ERIC Number: EJ999258
Record Type: Journal
Publication Date: 2013-Mar
Abstractor: As Provided
Reference Count: 85
Family Relationships and Adolescent Well-Being: Are Families Equally Protective for Same-Sex Attracted Youth?
Pearson, Jennifer; Wilkinson, Lindsey
Journal of Youth and Adolescence, v42 n3 p376-393 Mar 2013
Existing research suggests that sexual minority youth experience lower levels of well-being, in part because they perceive less social support than heterosexual youth. Sexual minority youth with strong family relationships may demonstrate resilience and increased well-being; however, it is also possible that the experience of sexual stigma may make these relationships less protective for sexual minority youth. Using two waves of data from the National Longitudinal Study of Adolescent Health, we explore the links between same-sex attraction, family relationships, and adolescent well-being in a sample of over 13,000 7th-12th grade adolescents (51% female, 52% non-Latino/a white, 17% Latino, 21% African American, and 7% Asian).
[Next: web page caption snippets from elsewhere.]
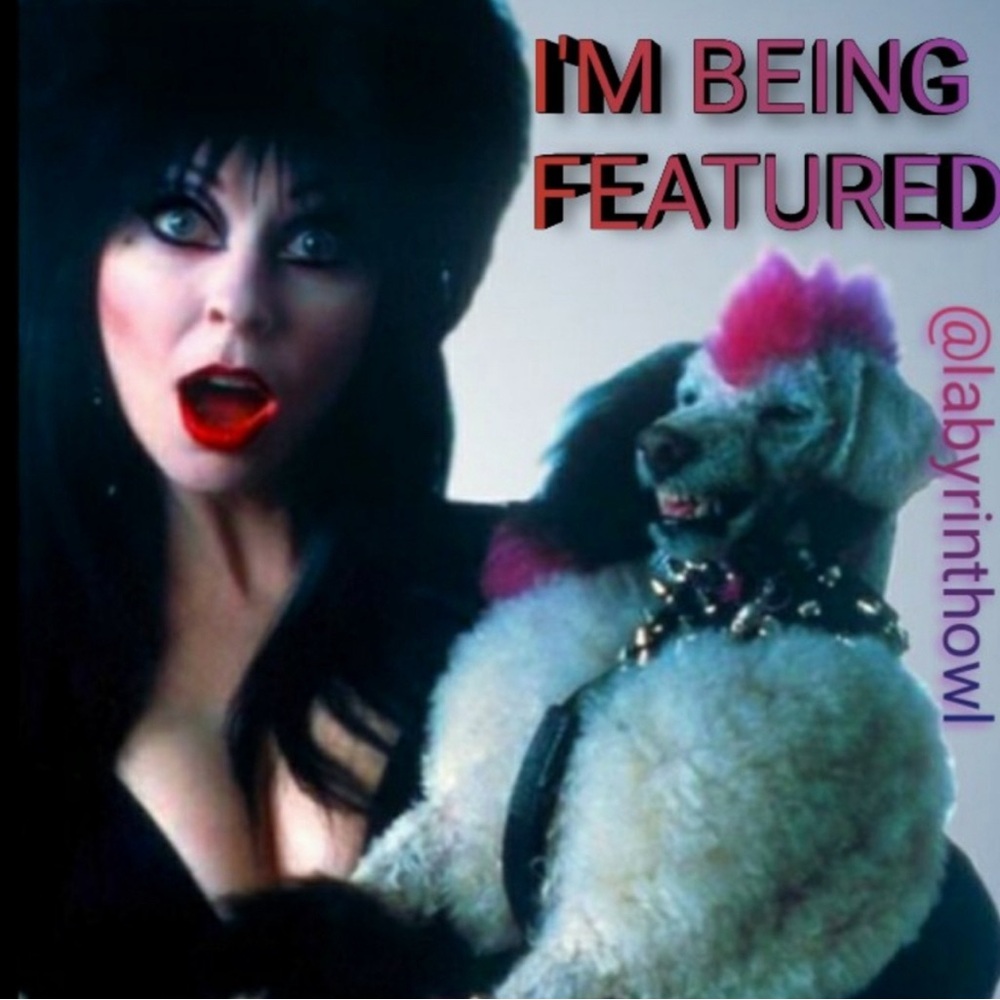 𝟏𝟏/𝟐𝟒 I'm Featured Today! 🕷️🕸️🕷️🕸️🕷️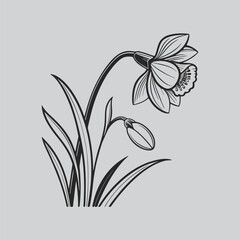 Bold Floral Silhouette of Ranunculus Bloom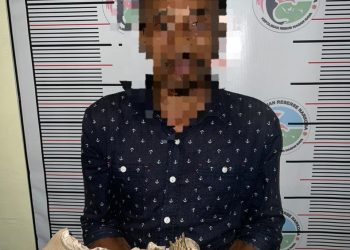 Satres Narkoba kembali mengamankan pengedar ganja kering di Desa Arongan Kecamatan Kuala Pesisir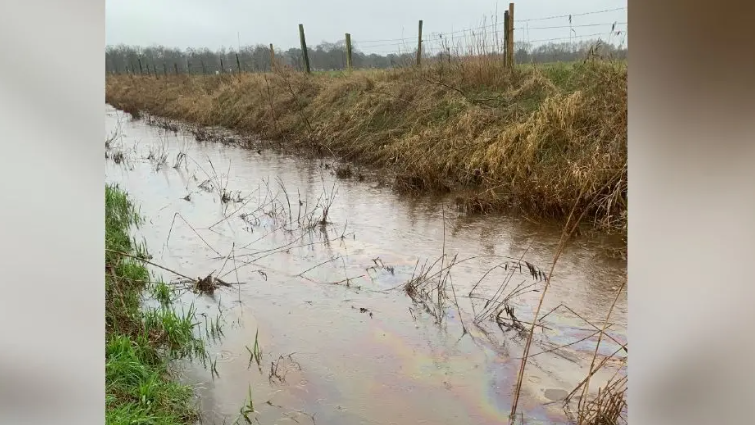 A stream of water, with a grassy bank on one side. A slick of oil is on the water, with yellows, purples and blue patterns on the surface. 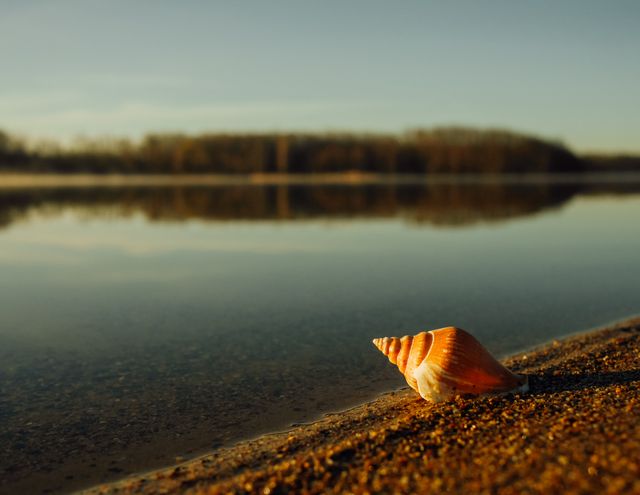 Seashell resting on sand by a calm lakeshore during sunset. Ideal for serene or nature-themed visuals, travel advertisements, meditative content, or background images emphasizing tranquility and solitude.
Specifically, we examine whether lower levels of parental closeness, parental involvement, and family support among same-sex attracted youth explain in part why these youth experience increased depressive symptoms and risk behaviors, including binge drinking, illegal drug use, and running away from home, relative to other-sex attracted youth. Second, we ask whether family relationships are equally protective against depressive symptoms and risk behaviors for same-sex attracted and other-sex attracted youth. We find that same-sex attracted youth, particularly girls, report higher levels of depressive symptoms, binge drinking, and drug use in part because they perceive less closeness with parents and less support from their families. Results also suggest that parental closeness and parental involvement may be less protective against risk behaviors for same-sex attracted boys than for their other-sex attracted peers. Findings thus suggest that interventions targeting the families of sexual minority youth should educate parents about the potentially negative effects of heteronormative assumptions and attitudes on positive adolescent development.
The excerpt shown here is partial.